Neoliberal urbanism with its standardized plots and cities under the zoning regime have been the subject of criticism since the middle of the last century because of this inefficiency to deal with changes in the profile of its population and with the rigidity in which social-economic relations are seen in these cities. From the very moment this place is seen as a mere product and as a mere tool of wealth generation in the most literal sense of the word,  it creates citizens who are first and foremost consumers of a city where taxes are paid for services to be performed without any responsibility to the population and the decision makers. A city where the right to it is bought through taxes and thus achieves social segregation through real estate speculation, zoning, and urban infrastructure distribution.

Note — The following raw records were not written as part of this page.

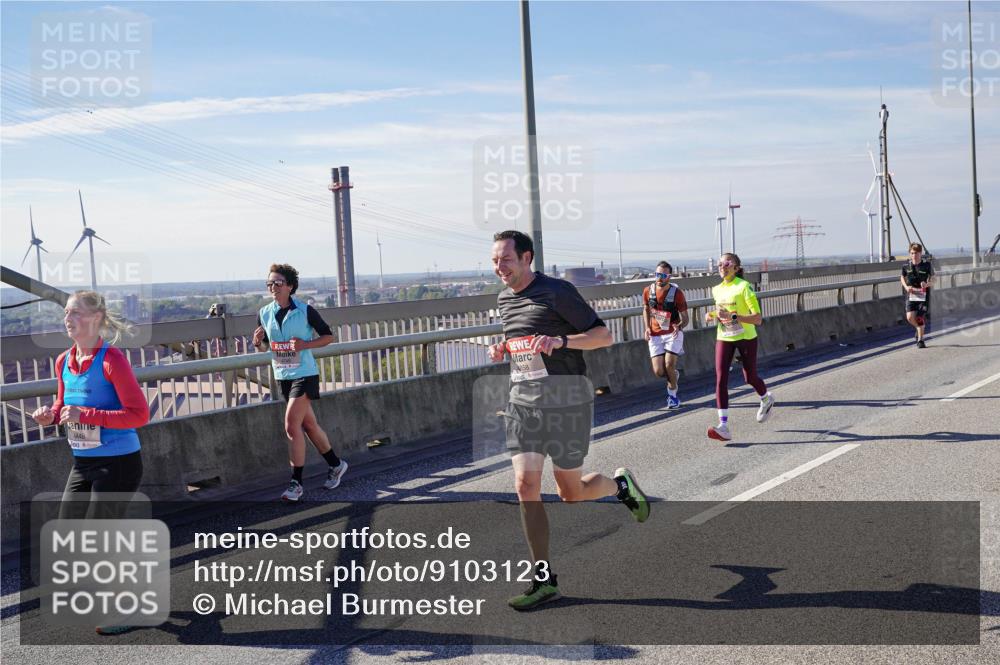 03.10.2025 - Köhlbrandbrückenlauf Michael Burmester http://msf.ph/oto/9103123 03.10.2025 12:47:47 Position 2 4448 meine-sportfotos.de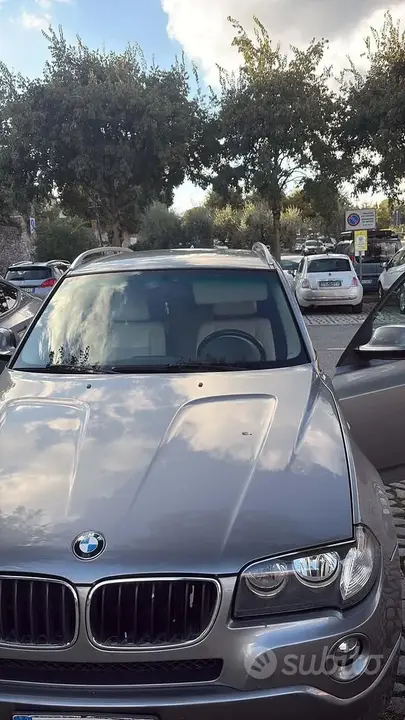 BMW X3 2010 photo 2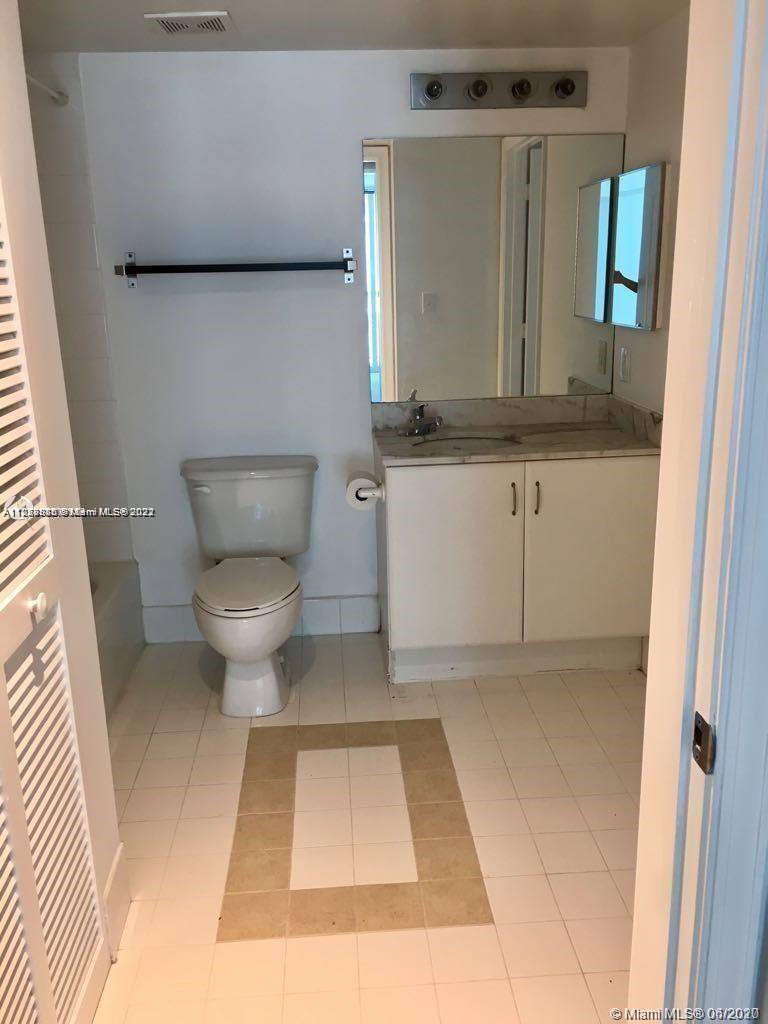 THE CLUB AT BRICKELL BAY - Residential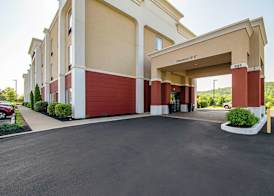 Hampton Inn Pine Grove 2
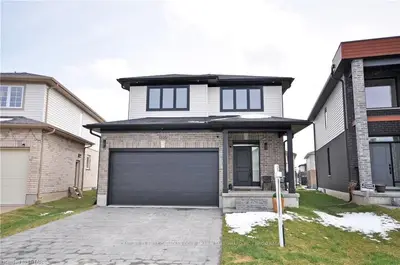 1325 JOHN KENNEY Drive, London North, ON N6H 5K3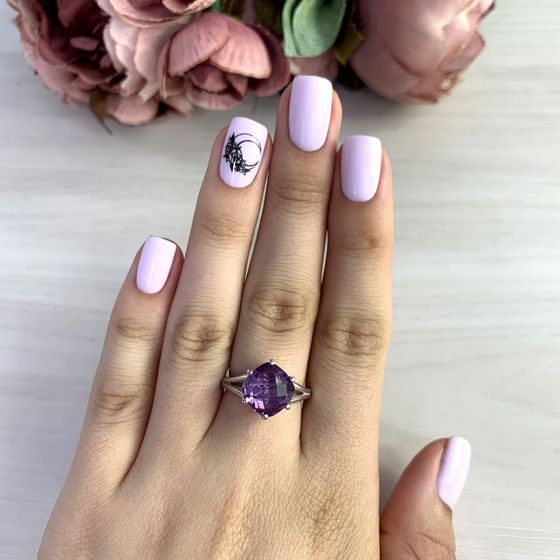 Серебряное кольцо с александритом 5.4ct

At the century not only the model of the neoliberal city is criticized but also its model of citizenship. This citizen who lives informally is increasingly becoming more common and this shadow market grows and starts to turn capital in an amount compared to small economies and beating the largest companies of developed countries.Like it happens in Spain, informal settlements are oftenly seen and this insurgent citizen is no longer just a distant image from the third world and has a symbiotic relationship with the city where they live.

Recognizing of the Internet as an important layer of the global city in which this infrastructure is a tool in the immigration process, in the articulation of several economic activities mainly outside the upper circuit of cities and of course in the role of contemporary ágora in which it becomes the scenario for political engagement and social connection.

The conclusion speculates an alternative to the issue of immigration in the Catalan city, uniting the three themes addressed in the development: the informal economy represented by the “Chatarreros”, the city seen from the point of view of the circular economy in the form of the Fabcity and the internet recognized as part of the economic ecosystem of the city. This alternative is presented through the project called “9cent“.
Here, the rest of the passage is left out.